Возможно, эти слова покажутся кому-то странными, но он очень помог многим крупным композиторам по-настоящему раскрыть свою индивидуальность. Хотя, казалось бы, откуда ей и взяться при таком методе. Но эта оценка просто попахивает элементарной безграмотностью, дилетантством, как и многие другие ярлыки, развешанные в нашей публицистике. Классики и романтики работали с двумя десятками аккордов, может быть, чуть больше, – но сколько разных стилей. И ограничений в их технике было ничуть не меньше, чем в серийной, а возможно и больше. Индивидуальность никогда не зависела и не будет зависеть ни от какой техники – только от таланта композитора, так же, как и современность композитора в лучшем смысле этого слова. И, к тому же, я бы добавил, что когда отдельные композиторы, как это было, скажем, со Штокхаузеном, отходили от серийной техники, то чаще всего они теряли свою индивидуальность. Сейчас, практически, все те последние сочинения Штокхаузена, что я не раз слушал, – все они для меня лишены всякой печати индивидуального. И по этой причине вся музыка последних двадцати лет его творчества, несмотря на всю мою симпатию и уважение к нему, она вся меня разочаровывает.

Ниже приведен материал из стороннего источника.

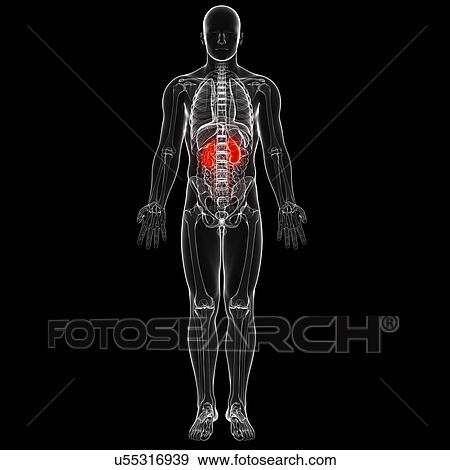 Stock Illustration - Male anatomy, artwork. Fotosearch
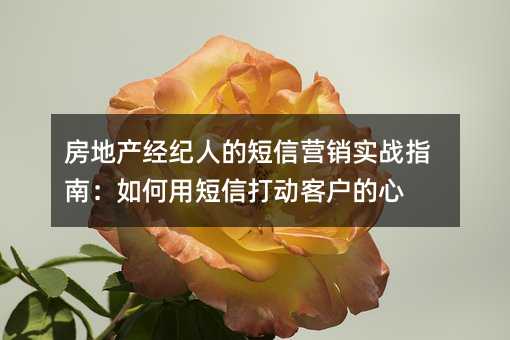 房地产经纪人的短信营销实战指南:如何用短信打动客户的心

Мне на первых порах работать в серийной технике очень нравилось. Причем это чаще всего происходило потому, что когда я ставил перед собой сверхсложные задачи, то иногда мне приходилось искать в себе такую же степень внутренней сконцентрированности для того, чтобы решить эти задачи. Музыка при этом шла крайне медленно, крайне медленно писалась, но зато я чувствовал, что для меня постепенно открывается все больше нового, что я все глубже и глубже проникаю в какой-то страшно интересный и совершенно неизведанный мною музыкальный мир. И именно тогда – что опять же может показаться странным – я написал, в конце концов, самые удачные в музыкальном отношении страницы – финал «Солнца инков», финал «Итальянских песен», последнюю часть «Плачей» и некоторые другие. А ведь именно в них, в этих страницах, была буквально рассчитана каждая деталь, именно там есть звуковысотные закономерности, которые так хорошо в музыкальном отношении проецируются и на закономерности ритмические, и на динамические, и на тембровые, и на числовые ряды пауз, которые разделяют звуковые фрагменты. Эта, например, последняя часть – «Плач и опускание гроба в могилу»: сколько раз я ни присутствовал на ее исполнении, каждый раз я видел, что она производит на слушателей наибольшее впечатление. И, к тому же, как выяснялось из разговоров, производила и впечатление наиболее свободной. Хотя на самом деле именно в ней все было регламентировано в наибольшей степени. Вот это, может быть, один из парадоксов такого запрограммированного, сверхзапрограммированного письма. И возникает, очевидно, он только в том случае, если композитор находит истинную свободу в добровольном ограничении или, если хотите, самоограничении при сочинении произведения.